New demo: ingest data to hbase #71
Description
We want to test the hbase spark connector and create a demo
https://github.com/apache/hbase-connectors/tree/master/spark
define in more details today (15.08.22)
- Create hdfs, hbase, zookeeper
- clone repo and build locally https://github.com/apache/hbase-connectors/tree/master/spark for spark 3.3.0
Versionen:
-- spark: 3.3.0
-- hadoop: 3.3.2
-- scala. 2.12.14
-- hbase: 2.4.12
mvn -Dspark.version=3.3.0 -Dscala.version=2.12.10 -Dhadoop-three.version=3.3.2 -Dscala.binary.version=2.12 -Dhbase.version=2.4.12 clean install
-
Client-side (Spark) configuration:
The HBase configuration file hbase-site.xml should be made available to Spark, it can be copied to $SPARK_CONF_DIR (default is $SPARK_HOME/conf`) -
Server-side (HBase region servers) configuration:
The following jars need to be in the CLASSPATH of the HBase region servers: scala-library, hbase-spark, and hbase-spark-protocol-shaded.
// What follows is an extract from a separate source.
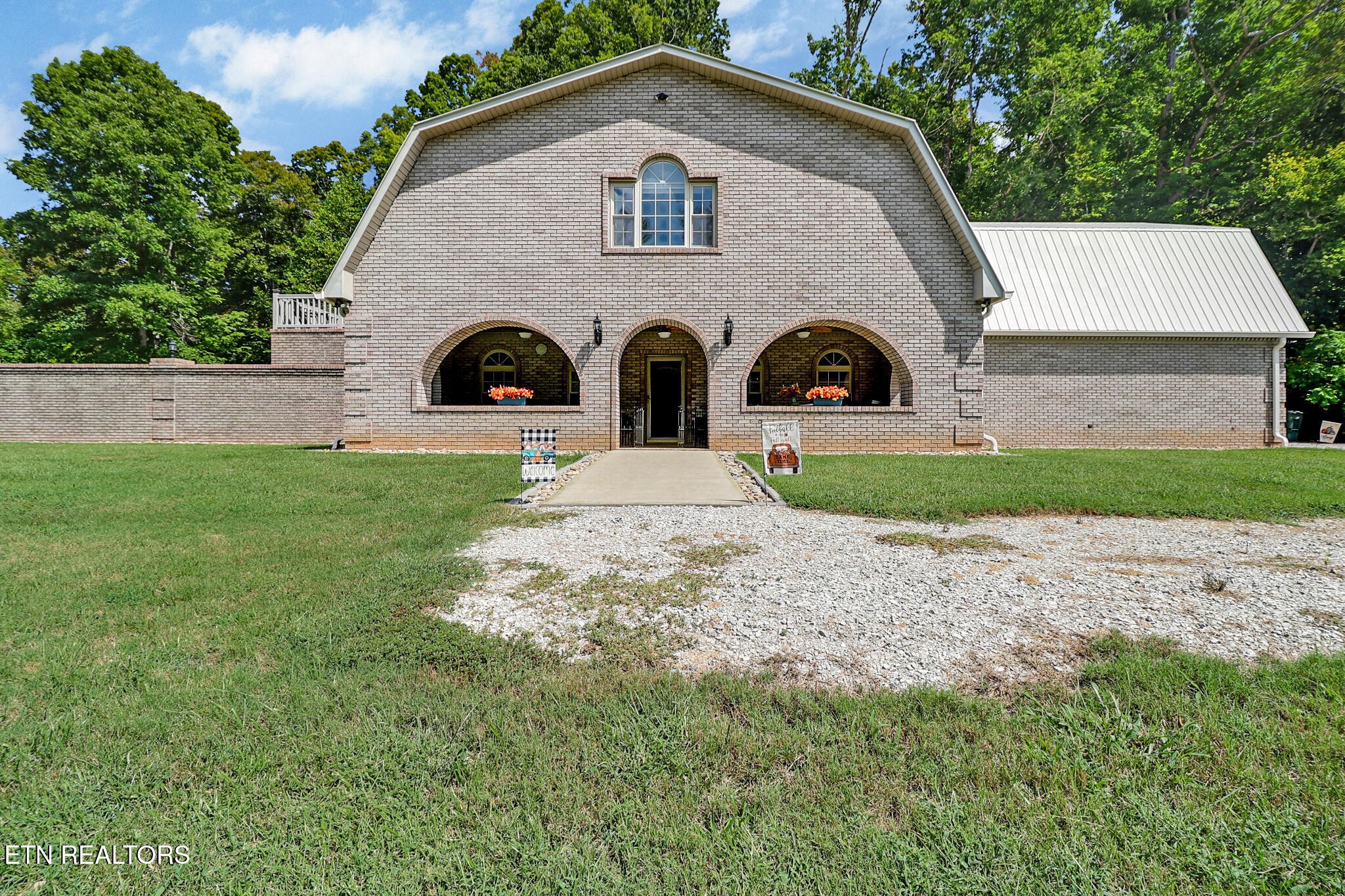 2705 Lick Creek Road Pall Mall, TN 38577 - Photo 6 of 55 Gallery Image 6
The server-side configuration is needed for column filter pushdown
if you cannot perform the server-side configuration, consider using .option("hbase.spark.pushdown.columnfilter", false)
The Scala library version must match the Scala version (2.11 or 2.12) used for compiling the connector. -
Upload .jars to Nexus --> https://repo.stackable.tech/service/rest/repository/browse/misc/hbase-spark-k8s/
-
Use PVC add app + dependecies
sparkConf: (5)
"spark.hadoop.fs.s3a.aws.credentials.provider": "org.apache.hadoop.fs.s3a.AnonymousAWSCredentialsProvider"
"spark.driver.extraClassPath": "/dependencies/jars/"
"spark.executor.extraClassPath": "/dependencies/jars/" -
create application to load data from hdfs to hbase
-
create application to load access hbase data from spark